- **Task directions**:
With the pictures left out, please return exactly the line holding "Сумка Oakley Urban" and each following line until the entries end.
---------- Dataset content ----------
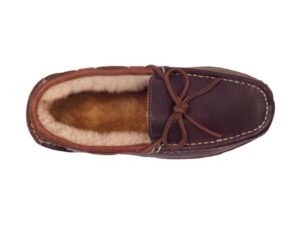 CNS-207-leather-driving-moccasin-top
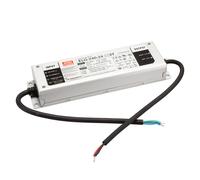 Mean Well ELG-240 IP65/IP67 Power Supply IP67 240W 24V/10A CV+CC + PE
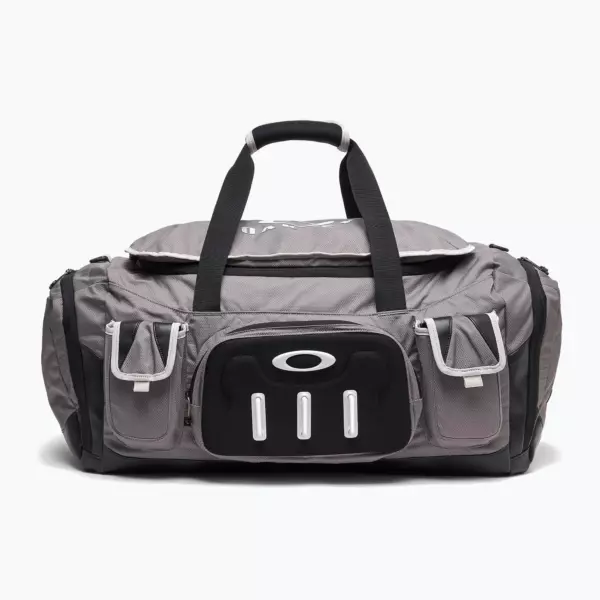Сумка Oakley Urban Ruck Rc Duffle 70 l storm front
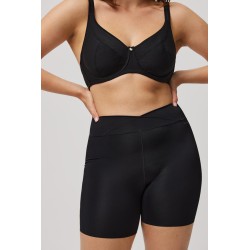 Culotte 19343 Negro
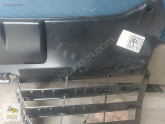 Oto Çıkma Parça / Renault / Symbol /  / Sıfır Parça 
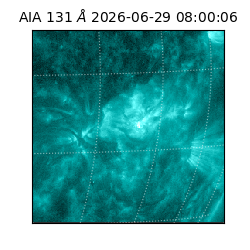 saia - 2026-06-29T08:00:06.620000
----------
- **Finished exercise**:
Сумка Oakley Urban Ruck Rc Duffle 70 l storm front
 Culotte 19343 Negro
 Oto Çıkma Parça / Renault / Symbol /  / Sıfır Parça 
 saia - 2026-06-29T08:00:06.620000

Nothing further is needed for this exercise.